Is approx 105 psi on all 3 cyclinders too low compression? Could the water in the cyclinders have caused damage that lowered the compression?
could be the gauge, they are all about even, thats what to look for, how do the piston skirts look through the exhaust port?
Bore and pistons look ok, no scores or grooves that I can see, only pollished but no cross hatch left. I will post some pics up tomorrow morning. :)
how much time is on the power head? how fast are you turnin it in rpms?
Your studs/bolts should be fairly easy to remove since there is so much of the body above the block. My wife likes PB Blaster so use it after heating the bolt and boss. Let sit for a day and try one with heat and a vicegrip. If that doesn't do it try all that again and let sit for another day. Worse case- cut and file, mill if you can, bolt flush with casting surface so you can center punch it, drill and use an easy out. If you screw that up, drill it out and use a threaded insert like a HeliCoil
Cool, thanks for the good advice from all. Slow and steady should win the race. I buggered a head bolt, drilled and tapped a new thread that was off center and basically butchered it. Beyond a helicoil, when I had the block deck skimmed I also go them to center a screw in insert. This saved the my horrible effort to fix in a hurry. So inserts is also another good option if helicoil fails.

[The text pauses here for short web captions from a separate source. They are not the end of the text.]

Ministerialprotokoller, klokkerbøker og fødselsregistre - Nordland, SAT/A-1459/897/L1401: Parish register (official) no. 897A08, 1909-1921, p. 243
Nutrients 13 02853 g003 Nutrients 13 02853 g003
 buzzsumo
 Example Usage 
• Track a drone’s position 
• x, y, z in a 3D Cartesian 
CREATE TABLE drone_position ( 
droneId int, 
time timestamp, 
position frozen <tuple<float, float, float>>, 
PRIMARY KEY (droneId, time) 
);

After looking at the pics and my head again, I noticed large amounts of carbon soot that had deposited in the head after last test. Assembled clean both piston tops and head chamber I thought it was strange to have so much deposits. Thinking it was just from the minutes of running. Now I look, I know for sure it is all the carbon and sludge build up inside the exhaust ports that was being sucked clean with water into the combustion chambers. This tells me 100% the water was indeed coming from the exhaust plate side cover gasket failure.
Hers is some pics of the bore and piston skirts, including the ring and crown area where most overheat often binds around the rings and above. All wear seems normal, no scratches I can feel with my fingernail, no deep grooves or areas that looked excessively worn. Rings feel free and not stuck.
You can see in one of the pics the very bad misalignment in the intake ports block castings to cyclinder sleeve. Perhaps I should be doing a tear down, new rings and hone and a clean up and port match of the block and sleeve. I know from experience not much is needed to bugger up bottom end performance when messing with ports and grinding. So I would only be doing a clean up really. Small shamfers on the edges is all that is needed from experience with jetski 2 stokes.
http://i159.photobucket.com/albums/t...0-08572701.jpg
http://i159.photobucket.com/albums/t...0-08585202.jpg
http://i159.photobucket.com/albums/t...0-08594003.jpg
123 top to bottom in order above pics.
http://i159.photobucket.com/albums/t...0-09003904.jpg
http://i159.photobucket.com/albums/t...0-09011805.jpg
You can see in this last post the amount of 'flushed' out carbon and sludge from inside the exhaust chamber that was the deposits in the head once I removed it.
http://i159.photobucket.com/albums/t...0-09033306.jpg
Port misalignment pic
Looks like #3 is leaking to me. Look at the gasket ring it has soot on it. Prob pulling water in. Block may not be true.
What brand and type oil and mix are you using?